La deuxième, c'est ses performances dans des films étrangers. Il débute cette nouvelle vie de manière assez cocasse, en 1961. Il est engagé par le réalisateur mexicain Ismaël Rodriguez pour "Animas Trujano: El hombre importante". Ne parlant pas un mot d'espagnol, il doit apprendre de manière phonétique son rôle, qui sera ensuite post-synchronisé par un acteur mexicain. Il tourne son premier film américain en 1968 (après sa "rupture" avec Kurosawa): "Grand Prix" de John Frankeinheimer (avec James Garner et Yves Montand)
Cette carrière comprendra 9 films non-japonais, parmi lesquels "Duel dans le Pacifique" de John Boorman (1968, avec Lee Marvin), "Soleil Rouge" de Terence Young (1972, avec Charles Bronson, Ursula Andress et Alain Delon) ou encore "1941" de Steven Spielberg (1980, avec John Belushi). Mais la performance qui l'a le plus fait connaître des américains, c'est son rôle de Toranoga, le héros de la série télévisée "Shogun" (1980).

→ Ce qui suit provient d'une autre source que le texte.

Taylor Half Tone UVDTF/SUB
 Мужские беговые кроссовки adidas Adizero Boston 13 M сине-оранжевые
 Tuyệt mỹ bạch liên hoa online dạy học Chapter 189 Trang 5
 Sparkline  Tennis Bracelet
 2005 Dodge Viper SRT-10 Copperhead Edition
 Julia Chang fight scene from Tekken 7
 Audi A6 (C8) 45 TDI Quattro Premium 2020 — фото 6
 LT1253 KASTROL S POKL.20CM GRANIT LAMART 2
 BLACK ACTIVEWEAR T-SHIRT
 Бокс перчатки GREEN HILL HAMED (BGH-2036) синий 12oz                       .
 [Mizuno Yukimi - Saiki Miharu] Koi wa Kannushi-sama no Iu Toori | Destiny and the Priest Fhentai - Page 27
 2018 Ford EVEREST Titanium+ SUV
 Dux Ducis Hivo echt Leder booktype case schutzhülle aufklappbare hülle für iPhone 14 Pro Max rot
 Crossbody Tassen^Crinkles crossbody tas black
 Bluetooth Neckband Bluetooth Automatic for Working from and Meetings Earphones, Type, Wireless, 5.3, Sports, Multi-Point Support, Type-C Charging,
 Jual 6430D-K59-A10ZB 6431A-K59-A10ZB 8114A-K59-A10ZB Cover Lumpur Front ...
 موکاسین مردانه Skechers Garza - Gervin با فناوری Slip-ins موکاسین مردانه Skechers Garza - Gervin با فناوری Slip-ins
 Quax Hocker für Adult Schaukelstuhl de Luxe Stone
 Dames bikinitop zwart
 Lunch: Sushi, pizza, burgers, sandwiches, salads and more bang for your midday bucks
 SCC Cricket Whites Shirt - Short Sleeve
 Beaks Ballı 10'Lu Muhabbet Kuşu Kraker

   Dans les années 1980 et 1990, Toshiro Mifune se fait de plus en plus rare sur les plateaux de tournage. Son dernier film, "Picture Bride" (Kayo Hatta), date de 1995. Il s'éteint à Mitaka City, Tokyo, le 24 décembre 1997. Depuis le jour de sa spectaculaire audition devant les pontes de la TOHO, il aura tourné plus de 130 films...

Voir l'article de Donald Richie sur Toshiro Mifune (1987)



Takashi Shimura (1905-1982)
 

   Takashi Shimura, né le 12 mars 1905 à Ikuno, dans la préfecture de Hyogo, au sud du Japon, est le descendant d'un longue lignée de samouraïs (comme Akira Kurosawa). Pendant l'université, il fonde une troupe de théâtre : Shichigatsu-za (le théâtre de juillet). C'est en 1934 qu'il fait ses débuts au cinéma avec les studios Kinema Shinko, et joue surtout des rôles de samouraï, jusqu'à ce qu'il signe un contrat avec le tout puissant studio Toho en 1943. Pendant les soixante ans qui vont suivre, il tournera environ 6 films par an pour ces studios, parmi lesquels les plus remarqués (et remarquables) sont les quelques 20 collaborations à des films de Kurosawa, souvent en duo avec Toshiro Mifune. Mais son plus grand succès commercial au Japon est son rôle de docteur dans le Godzilla original (« Gojira »-1954).

   En dépit de son physique plutôt ingrat, il saura s'imposer comme un acteur au jeu très fin, tout en retenue, ce qui accentue le contraste de ses duos avec le fantasque et exhubérant Toshiro Mifune, les deux hommes se retrouvant côte à côte dans quasiment tous les films de Kurosawa entre 1948 et 1965. Shimura "donne souvent, dans les films où il apparaît, une impression de solidité et de force", mais la personnalité de Mifune le relègue souvent dans des seconds rôles dans différents chefs-d'oeuvre, comme "L'ange ivre", "Les sept samouraïs" (où il joue Kambei, le chef de la bande des sept) ou "Chien enragé". Il ne faut cependant pas oublier les films de Kurosawa où Shimura tient le premier rôle, et donne des performances remarquables: "Le plus beau" (1944) et "Vivre" (1952). Il jouera également de nombreux rôles dans des films plus "kitsch", comme "La défense de la Terre" (1957), "La baleine tueuse" (1962),"Frankestein conquiert le monde" (1966) ou encore "Catastrophe 1999: les prophéties de Nostradamus" (1974).
Il meurt le 11 février 1982, à Tokyo.